--- Provided data Enclosed Below ---

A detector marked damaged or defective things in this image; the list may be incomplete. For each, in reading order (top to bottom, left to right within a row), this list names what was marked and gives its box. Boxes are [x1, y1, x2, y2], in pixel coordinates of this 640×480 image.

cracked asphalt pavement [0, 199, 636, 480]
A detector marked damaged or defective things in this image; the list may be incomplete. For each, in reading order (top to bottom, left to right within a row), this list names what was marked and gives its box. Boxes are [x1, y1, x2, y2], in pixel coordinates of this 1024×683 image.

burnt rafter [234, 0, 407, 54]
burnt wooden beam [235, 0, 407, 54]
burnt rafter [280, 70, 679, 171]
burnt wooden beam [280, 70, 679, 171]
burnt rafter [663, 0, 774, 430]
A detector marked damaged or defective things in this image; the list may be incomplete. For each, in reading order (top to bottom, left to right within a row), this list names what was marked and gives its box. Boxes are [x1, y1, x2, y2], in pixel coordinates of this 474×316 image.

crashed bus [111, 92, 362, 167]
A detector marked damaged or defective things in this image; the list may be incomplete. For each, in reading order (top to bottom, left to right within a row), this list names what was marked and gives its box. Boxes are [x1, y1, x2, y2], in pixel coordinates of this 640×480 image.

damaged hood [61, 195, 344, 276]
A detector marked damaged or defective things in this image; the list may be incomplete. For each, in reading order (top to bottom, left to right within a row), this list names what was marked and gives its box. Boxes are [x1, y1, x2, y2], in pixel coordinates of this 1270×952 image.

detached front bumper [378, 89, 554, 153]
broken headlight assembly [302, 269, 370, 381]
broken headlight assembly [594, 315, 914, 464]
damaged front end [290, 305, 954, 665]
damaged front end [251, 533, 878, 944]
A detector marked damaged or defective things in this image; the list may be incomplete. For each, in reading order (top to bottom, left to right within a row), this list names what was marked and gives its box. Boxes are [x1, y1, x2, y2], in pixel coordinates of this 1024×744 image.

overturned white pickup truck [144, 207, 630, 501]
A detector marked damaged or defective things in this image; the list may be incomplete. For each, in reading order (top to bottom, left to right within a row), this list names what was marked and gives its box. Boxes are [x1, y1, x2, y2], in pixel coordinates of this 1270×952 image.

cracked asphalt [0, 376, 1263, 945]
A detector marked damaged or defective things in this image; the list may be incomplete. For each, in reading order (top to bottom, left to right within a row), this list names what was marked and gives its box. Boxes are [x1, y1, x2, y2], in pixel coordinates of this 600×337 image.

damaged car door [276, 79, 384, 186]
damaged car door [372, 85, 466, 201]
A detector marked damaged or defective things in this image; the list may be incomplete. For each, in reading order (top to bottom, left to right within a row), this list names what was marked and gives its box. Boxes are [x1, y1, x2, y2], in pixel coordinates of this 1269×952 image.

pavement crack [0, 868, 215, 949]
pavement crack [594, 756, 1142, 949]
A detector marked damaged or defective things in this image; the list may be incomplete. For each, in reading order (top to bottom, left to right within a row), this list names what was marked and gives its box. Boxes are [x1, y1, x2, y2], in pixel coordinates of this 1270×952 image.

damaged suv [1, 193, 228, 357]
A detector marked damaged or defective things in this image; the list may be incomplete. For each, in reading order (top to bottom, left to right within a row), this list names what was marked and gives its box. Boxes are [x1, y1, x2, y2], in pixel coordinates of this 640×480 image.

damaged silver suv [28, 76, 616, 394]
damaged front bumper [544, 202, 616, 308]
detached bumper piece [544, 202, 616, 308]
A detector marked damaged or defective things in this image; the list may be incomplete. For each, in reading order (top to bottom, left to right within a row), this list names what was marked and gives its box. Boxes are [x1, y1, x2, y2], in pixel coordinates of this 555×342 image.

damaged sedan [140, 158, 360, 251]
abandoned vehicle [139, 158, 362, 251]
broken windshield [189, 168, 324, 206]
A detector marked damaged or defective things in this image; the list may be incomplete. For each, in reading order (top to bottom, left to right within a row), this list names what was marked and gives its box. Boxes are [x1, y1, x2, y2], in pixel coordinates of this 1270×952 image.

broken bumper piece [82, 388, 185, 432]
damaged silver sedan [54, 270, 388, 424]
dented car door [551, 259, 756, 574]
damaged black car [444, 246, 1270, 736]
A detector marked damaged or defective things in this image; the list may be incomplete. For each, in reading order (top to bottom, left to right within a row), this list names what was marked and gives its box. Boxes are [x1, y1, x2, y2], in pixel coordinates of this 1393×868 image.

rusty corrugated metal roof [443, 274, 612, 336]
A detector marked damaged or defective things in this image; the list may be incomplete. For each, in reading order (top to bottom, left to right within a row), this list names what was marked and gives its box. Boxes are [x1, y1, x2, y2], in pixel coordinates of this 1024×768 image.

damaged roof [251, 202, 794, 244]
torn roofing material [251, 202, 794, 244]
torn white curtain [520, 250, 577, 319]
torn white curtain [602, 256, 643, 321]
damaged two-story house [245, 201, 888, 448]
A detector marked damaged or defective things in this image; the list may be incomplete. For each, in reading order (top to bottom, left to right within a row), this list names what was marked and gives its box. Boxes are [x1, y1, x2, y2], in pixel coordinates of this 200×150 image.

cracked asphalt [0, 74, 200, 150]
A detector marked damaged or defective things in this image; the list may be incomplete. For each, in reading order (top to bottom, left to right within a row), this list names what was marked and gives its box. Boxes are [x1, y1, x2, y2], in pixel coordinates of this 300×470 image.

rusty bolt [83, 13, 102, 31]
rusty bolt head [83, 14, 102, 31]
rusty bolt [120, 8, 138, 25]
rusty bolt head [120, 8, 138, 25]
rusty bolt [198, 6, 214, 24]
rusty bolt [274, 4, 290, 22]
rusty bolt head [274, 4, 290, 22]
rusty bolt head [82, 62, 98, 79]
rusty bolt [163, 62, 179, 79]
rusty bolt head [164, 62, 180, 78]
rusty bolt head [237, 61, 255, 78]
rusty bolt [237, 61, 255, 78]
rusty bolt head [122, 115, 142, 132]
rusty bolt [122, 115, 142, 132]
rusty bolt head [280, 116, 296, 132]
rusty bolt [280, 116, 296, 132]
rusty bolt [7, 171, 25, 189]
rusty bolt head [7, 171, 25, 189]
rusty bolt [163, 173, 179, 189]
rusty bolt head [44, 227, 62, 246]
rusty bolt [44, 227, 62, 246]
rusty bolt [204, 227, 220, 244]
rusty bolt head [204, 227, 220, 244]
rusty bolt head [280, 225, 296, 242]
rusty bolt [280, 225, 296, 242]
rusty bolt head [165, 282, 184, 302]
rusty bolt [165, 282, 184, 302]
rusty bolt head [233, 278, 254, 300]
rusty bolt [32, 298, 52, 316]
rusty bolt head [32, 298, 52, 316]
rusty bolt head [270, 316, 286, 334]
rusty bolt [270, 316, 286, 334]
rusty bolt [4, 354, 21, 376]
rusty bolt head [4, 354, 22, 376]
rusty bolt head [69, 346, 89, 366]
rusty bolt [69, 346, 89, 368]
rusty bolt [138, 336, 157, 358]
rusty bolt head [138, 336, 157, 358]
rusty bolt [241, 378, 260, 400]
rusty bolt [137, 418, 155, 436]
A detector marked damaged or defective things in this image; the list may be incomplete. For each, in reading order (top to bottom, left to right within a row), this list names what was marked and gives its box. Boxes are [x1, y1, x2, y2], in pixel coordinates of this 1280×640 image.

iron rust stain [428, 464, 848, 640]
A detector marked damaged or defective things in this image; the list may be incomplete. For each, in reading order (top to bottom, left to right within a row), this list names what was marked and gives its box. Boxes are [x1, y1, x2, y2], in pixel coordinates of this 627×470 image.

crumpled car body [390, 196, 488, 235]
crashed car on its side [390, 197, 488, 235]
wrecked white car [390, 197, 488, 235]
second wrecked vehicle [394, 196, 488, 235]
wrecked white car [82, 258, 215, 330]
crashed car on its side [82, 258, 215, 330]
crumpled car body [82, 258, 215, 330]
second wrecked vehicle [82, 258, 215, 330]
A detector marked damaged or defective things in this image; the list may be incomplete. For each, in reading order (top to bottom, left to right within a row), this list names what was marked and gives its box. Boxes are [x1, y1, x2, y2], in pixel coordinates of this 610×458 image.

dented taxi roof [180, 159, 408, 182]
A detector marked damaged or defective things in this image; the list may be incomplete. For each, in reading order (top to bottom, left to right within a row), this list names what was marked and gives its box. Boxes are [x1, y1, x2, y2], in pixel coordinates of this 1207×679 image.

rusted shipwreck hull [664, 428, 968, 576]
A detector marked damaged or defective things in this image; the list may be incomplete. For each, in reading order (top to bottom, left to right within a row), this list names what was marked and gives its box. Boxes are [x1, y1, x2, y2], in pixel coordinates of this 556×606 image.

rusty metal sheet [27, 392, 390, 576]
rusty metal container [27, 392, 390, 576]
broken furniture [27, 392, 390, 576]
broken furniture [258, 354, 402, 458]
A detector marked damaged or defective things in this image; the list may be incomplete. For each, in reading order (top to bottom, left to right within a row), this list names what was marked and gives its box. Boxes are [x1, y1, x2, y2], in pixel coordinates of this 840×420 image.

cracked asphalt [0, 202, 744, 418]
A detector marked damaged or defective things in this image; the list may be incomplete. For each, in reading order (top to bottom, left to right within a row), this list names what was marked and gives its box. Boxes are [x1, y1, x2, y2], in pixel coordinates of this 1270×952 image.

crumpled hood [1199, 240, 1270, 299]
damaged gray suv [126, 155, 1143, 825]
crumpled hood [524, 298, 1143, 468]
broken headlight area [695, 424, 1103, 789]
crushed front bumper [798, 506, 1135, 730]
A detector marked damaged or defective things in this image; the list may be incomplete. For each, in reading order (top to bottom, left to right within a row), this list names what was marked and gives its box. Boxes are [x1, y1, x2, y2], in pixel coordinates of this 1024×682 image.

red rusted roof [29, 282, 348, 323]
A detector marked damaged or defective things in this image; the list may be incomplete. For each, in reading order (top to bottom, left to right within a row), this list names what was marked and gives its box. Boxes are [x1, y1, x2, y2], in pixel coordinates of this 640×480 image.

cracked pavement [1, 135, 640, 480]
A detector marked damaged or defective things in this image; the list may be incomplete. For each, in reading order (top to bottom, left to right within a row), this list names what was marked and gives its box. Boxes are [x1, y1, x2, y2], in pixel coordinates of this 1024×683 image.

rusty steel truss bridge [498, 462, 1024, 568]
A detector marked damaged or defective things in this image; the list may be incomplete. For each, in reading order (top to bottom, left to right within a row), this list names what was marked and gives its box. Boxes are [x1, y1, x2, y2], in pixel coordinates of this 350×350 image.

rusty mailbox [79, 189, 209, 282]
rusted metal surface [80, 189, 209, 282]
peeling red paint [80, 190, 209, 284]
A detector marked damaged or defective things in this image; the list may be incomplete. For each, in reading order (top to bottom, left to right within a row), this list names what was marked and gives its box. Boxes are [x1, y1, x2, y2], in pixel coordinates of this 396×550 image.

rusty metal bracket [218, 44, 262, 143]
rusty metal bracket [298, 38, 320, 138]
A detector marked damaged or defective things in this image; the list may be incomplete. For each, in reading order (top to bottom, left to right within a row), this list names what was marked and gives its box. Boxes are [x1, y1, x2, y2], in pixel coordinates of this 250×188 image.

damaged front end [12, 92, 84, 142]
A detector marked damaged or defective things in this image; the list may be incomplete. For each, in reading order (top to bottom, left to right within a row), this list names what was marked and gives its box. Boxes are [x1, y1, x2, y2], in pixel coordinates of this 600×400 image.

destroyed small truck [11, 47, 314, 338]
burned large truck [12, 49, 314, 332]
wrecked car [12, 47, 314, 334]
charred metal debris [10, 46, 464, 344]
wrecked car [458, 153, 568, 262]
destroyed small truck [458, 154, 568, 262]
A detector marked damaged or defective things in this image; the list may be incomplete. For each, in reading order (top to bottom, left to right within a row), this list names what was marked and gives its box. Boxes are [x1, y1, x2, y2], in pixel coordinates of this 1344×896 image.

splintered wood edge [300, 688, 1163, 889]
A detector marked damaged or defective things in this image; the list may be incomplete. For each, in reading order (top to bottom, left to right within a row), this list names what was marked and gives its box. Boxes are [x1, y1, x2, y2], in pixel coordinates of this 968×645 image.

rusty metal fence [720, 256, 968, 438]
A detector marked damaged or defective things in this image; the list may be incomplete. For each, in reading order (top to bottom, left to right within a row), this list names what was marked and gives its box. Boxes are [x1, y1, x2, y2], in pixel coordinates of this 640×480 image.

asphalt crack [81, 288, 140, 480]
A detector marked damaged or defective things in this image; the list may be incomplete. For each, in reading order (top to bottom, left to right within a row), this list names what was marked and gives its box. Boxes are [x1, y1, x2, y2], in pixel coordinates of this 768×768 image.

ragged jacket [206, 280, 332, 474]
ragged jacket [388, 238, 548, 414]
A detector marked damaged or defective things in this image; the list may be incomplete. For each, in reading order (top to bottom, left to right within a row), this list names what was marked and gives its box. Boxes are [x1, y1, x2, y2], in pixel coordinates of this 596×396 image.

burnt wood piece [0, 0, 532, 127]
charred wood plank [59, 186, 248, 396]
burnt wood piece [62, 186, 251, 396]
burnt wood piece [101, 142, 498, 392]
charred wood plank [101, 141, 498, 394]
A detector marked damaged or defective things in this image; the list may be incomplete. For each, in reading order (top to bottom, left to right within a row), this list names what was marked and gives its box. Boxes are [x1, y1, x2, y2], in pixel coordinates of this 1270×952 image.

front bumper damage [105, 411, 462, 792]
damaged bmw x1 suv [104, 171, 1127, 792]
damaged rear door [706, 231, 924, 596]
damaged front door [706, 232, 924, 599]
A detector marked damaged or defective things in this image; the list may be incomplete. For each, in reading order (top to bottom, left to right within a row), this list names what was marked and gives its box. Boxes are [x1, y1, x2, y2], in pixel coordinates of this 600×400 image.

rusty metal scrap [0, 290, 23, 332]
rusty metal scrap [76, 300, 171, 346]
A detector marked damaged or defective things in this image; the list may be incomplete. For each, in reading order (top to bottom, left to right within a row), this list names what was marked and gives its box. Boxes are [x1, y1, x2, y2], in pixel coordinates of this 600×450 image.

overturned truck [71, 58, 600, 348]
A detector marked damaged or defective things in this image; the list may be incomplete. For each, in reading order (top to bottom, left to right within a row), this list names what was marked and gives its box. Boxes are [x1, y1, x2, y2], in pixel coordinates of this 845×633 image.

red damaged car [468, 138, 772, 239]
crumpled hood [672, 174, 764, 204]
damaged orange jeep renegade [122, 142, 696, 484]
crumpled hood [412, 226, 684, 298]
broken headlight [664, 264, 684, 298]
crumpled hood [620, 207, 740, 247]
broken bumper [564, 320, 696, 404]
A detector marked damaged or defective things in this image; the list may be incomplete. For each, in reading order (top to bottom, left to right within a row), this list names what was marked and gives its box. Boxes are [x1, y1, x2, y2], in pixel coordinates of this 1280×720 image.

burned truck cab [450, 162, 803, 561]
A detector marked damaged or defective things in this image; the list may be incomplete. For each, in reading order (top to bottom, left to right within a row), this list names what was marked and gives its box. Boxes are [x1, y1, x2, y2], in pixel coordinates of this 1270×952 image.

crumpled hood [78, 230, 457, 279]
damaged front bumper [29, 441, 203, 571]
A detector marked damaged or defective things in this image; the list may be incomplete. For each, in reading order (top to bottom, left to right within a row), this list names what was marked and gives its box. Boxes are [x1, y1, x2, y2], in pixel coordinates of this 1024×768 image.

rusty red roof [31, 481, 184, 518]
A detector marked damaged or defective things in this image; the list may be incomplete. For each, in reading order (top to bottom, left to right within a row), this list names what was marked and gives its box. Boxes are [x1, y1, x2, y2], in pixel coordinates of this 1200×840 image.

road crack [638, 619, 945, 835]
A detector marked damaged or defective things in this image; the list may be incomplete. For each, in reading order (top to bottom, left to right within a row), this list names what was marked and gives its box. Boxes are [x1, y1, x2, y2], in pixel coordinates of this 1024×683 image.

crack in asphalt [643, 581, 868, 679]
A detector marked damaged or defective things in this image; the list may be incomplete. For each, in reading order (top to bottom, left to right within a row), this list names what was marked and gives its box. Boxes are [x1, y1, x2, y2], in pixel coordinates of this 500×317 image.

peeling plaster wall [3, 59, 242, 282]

--- End of Enclosed Provided data ---

*Task description:*
With the line containing "this 500×317 image." as the first, output each line through the final line of the entries above, exactly.

*Answer to this exercise:*
A detector marked damaged or defective things in this image; the list may be incomplete. For each, in reading order (top to bottom, left to right within a row), this list names what was marked and gives its box. Boxes are [x1, y1, x2, y2], in pixel coordinates of this 500×317 image.

peeling plaster wall [3, 59, 242, 282]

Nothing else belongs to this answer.